# Input material:
================

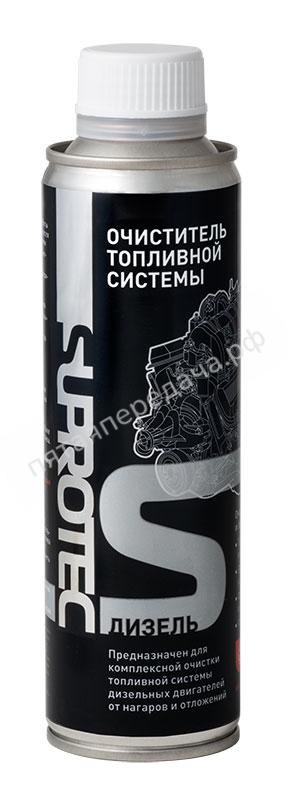 Очиститель (промывка) топливной системы СУПРОТЕК (Дизель) , 250 мл - 120970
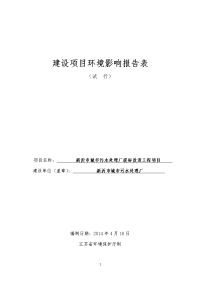 模版环境影响评价全本城市污水处理厂新沂市公路港物流园项目报告表新沂市交通投资有限公司2015.4.30郭亚：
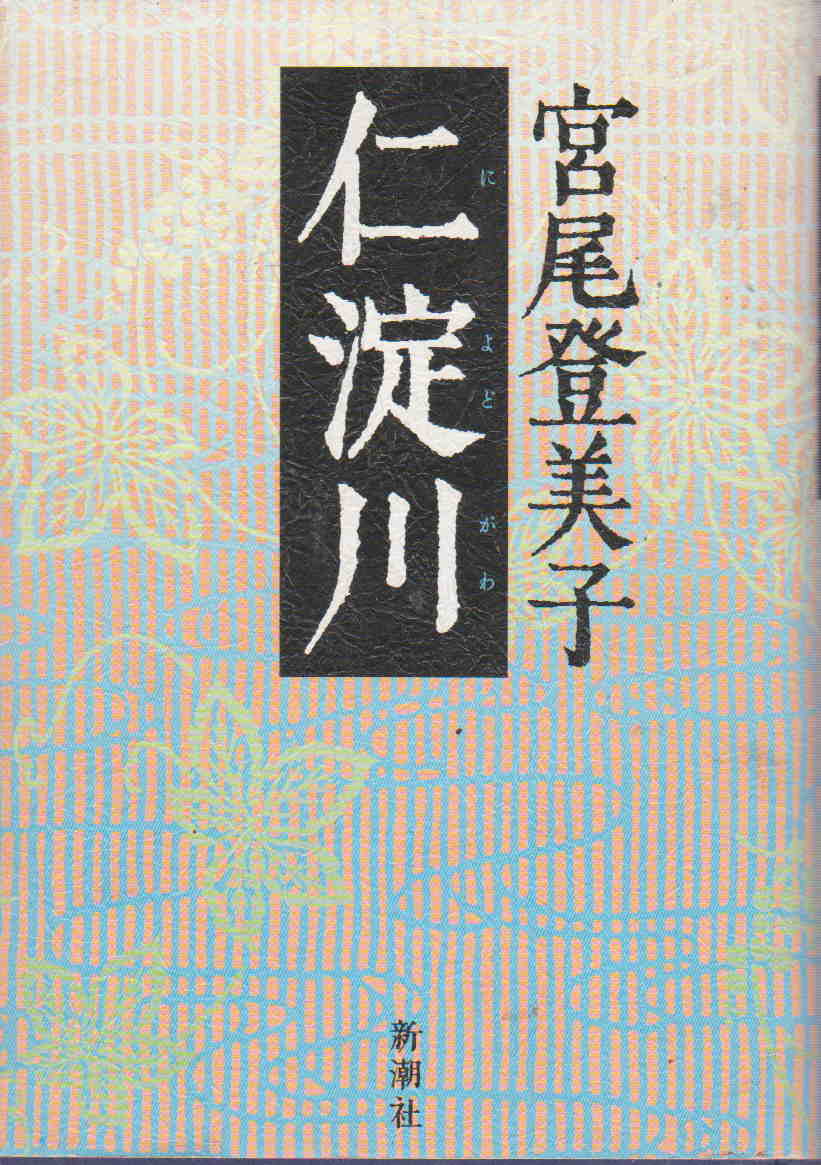 宮尾登美子?著 ★「仁淀川」新潮社刊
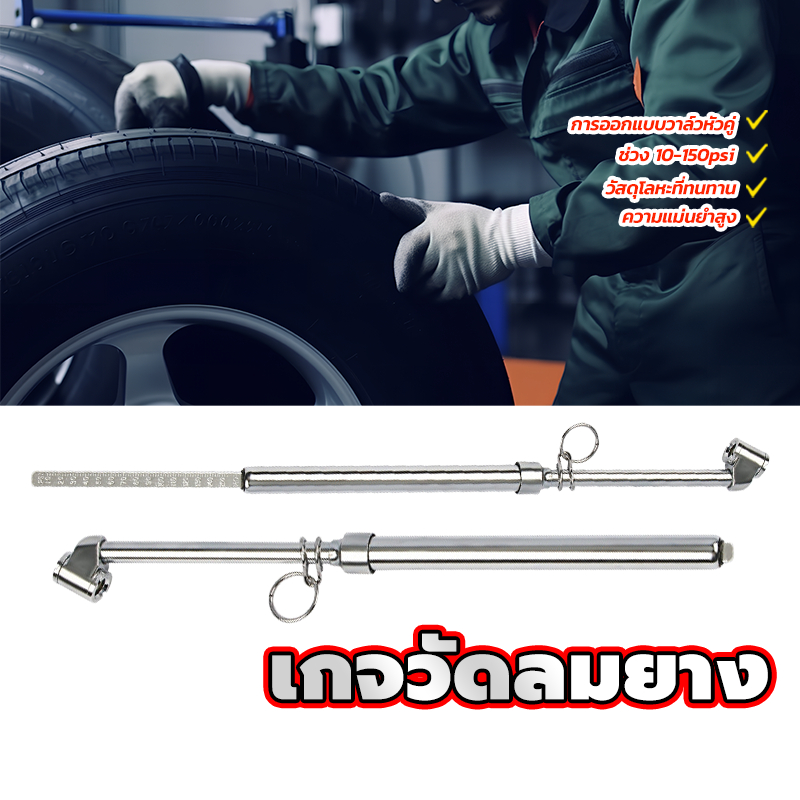 เกจวัดลมยาง วัดลมยางรถยนต์ เกจวัดลมยางรถยนต์ ที่วัดลมยาง รูปปากกา ขนาดเล็ก แบบพกพา แม่นยำ พร้อมสเกลวัด 10-150PSI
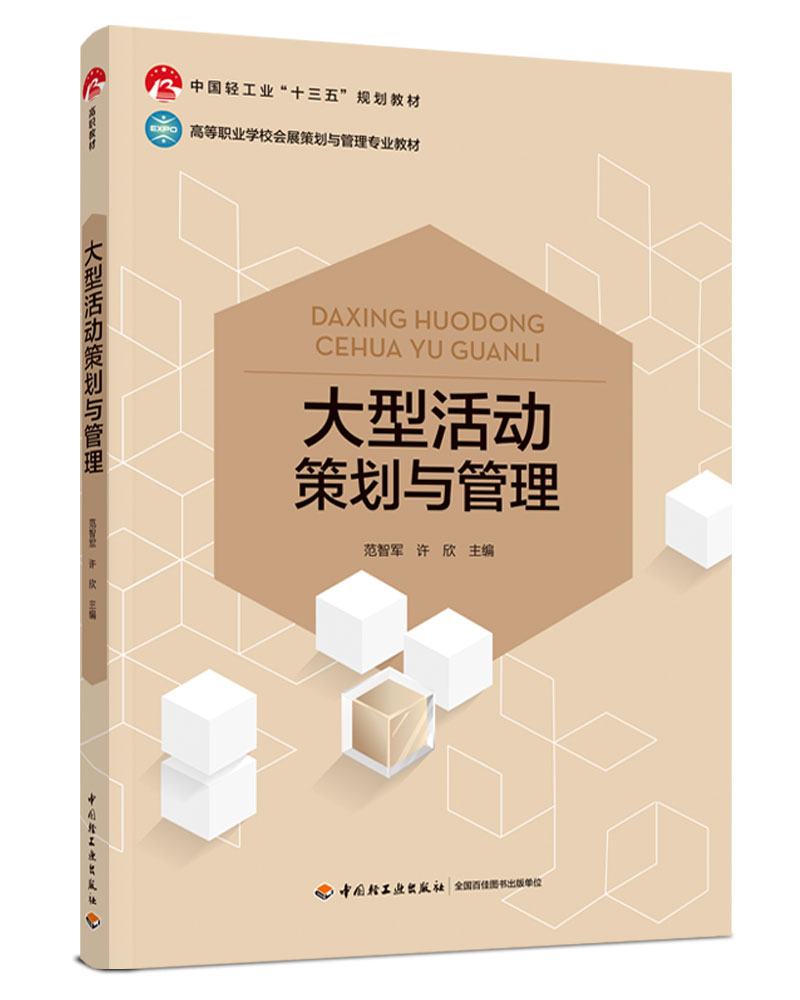 ���ͻ�Ӳ߄��c�������Ї��p���I(y��)��ʮ���塱Ҏ(gu��)���̲����ߵ��I(y��)�W(xu��)У��չ�߄��c���팣�I(y��)�̲ģ�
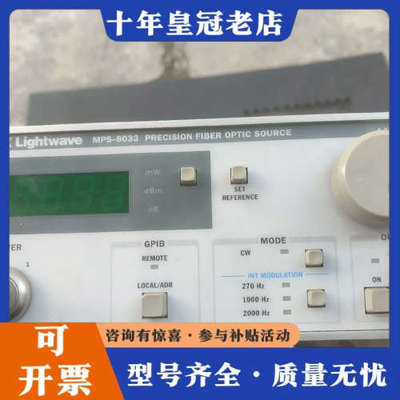 议价ILX Lightwave MPS-8033  精密光纤光源议价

================

# Problem requirements:
Reproduce these records exactly, but not the pictures.

# Answer box:
 Очиститель (промывка) топливной системы СУПРОТЕК (Дизель) , 250 мл - 120970
 模版环境影响评价全本城市污水处理厂新沂市公路港物流园项目报告表新沂市交通投资有限公司2015.4.30郭亚：
 宮尾登美子?著 ★「仁淀川」新潮社刊
 เกจวัดลมยาง วัดลมยางรถยนต์ เกจวัดลมยางรถยนต์ ที่วัดลมยาง รูปปากกา ขนาดเล็ก แบบพกพา แม่นยำ พร้อมสเกลวัด 10-150PSI
 ���ͻ�Ӳ߄��c�������Ї��p���I(y��)��ʮ���塱Ҏ(gu��)���̲����ߵ��I(y��)�W(xu��)У��չ�߄��c���팣�I(y��)�̲ģ�
 议价ILX Lightwave MPS-8033  精密光纤光源议价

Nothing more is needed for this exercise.